En eso estaba yo cuando de repente noto que una marea humana se me viene encima. Gente con cámara en hombro, con micrófonos en mano, con blocs de notas... periodistas en definitiva. Me empujan y provocan que me cueste mantenter el equilibrio. Rodean a alguien que acaba de llegar, pero no soy lo suficientemente alto como para vislumbrar quién es. Vaya, parece que la noticia ha llegado, toca sacar codos y hacerse un hueco en la jungla. Poco a poco veo que es una señora mayor, casi anciana. Muy apurada ella, blande una bolsa de plástico en la que dentro se vislumbran papelitos muy pequeños, como trozos rotos. Dice que es un décimo de lotería premiado que ha lavado sin querer con su bata...

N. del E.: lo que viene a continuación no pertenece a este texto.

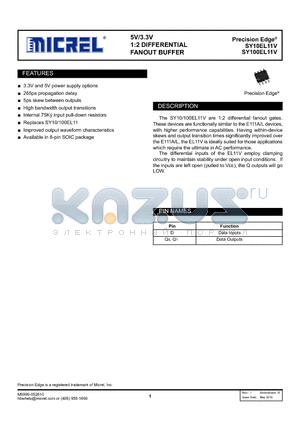 SY100EL11VZG datasheet - 1:2 DIFFERENTIAL FANOUT BUFFER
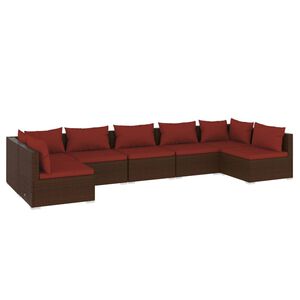 vidaXL 7 Piece Garden Lounge Set with Cushions Poly Rattan Brown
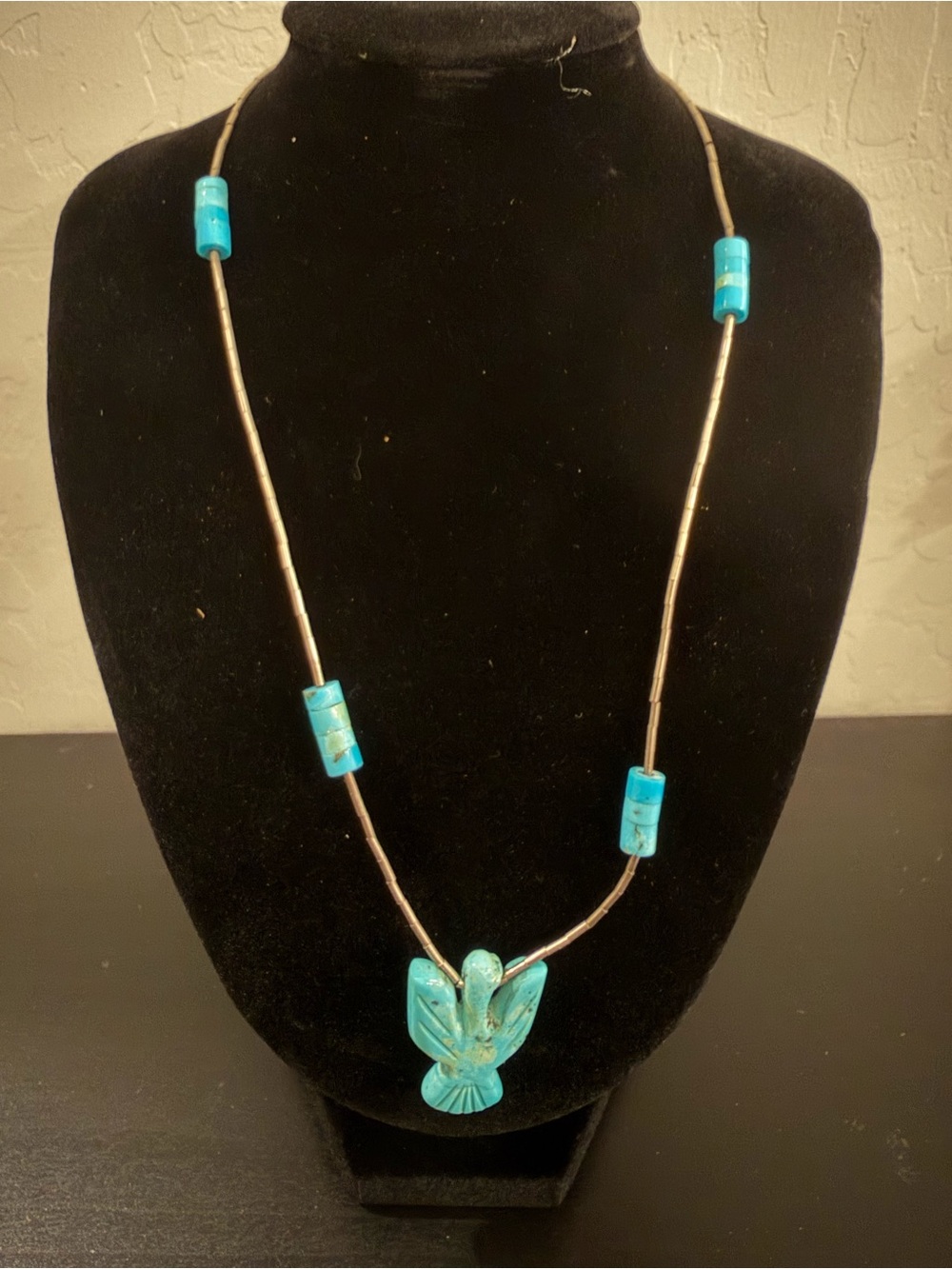Handmade Bisbee Turquoise Beaded Necklace with Carved Bird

Tenemos la anécdota de la jornada. Poco a poco la señora se mete en la administración de la lotería y habla con la responsable, que la tranquiliza: el décimo debe ser analizado, pero probablemente podrá cobrar el premio. La buena señora sale más tranquila y allí cuenta su rocambolesca historia, más rocambolesca aún si se puede merced al bocadillo envuelto en papel de aluminio que porta en la mano. Resulta que había metido en la lavadora su bata con el décimo en su interior y la había pegado un agua. Cuando salió el premio se dio cuenta de su error y, apurada, atención, lo metió en la primera bolsa que encontró, en la cual tenía guardados su reserva de guisantes.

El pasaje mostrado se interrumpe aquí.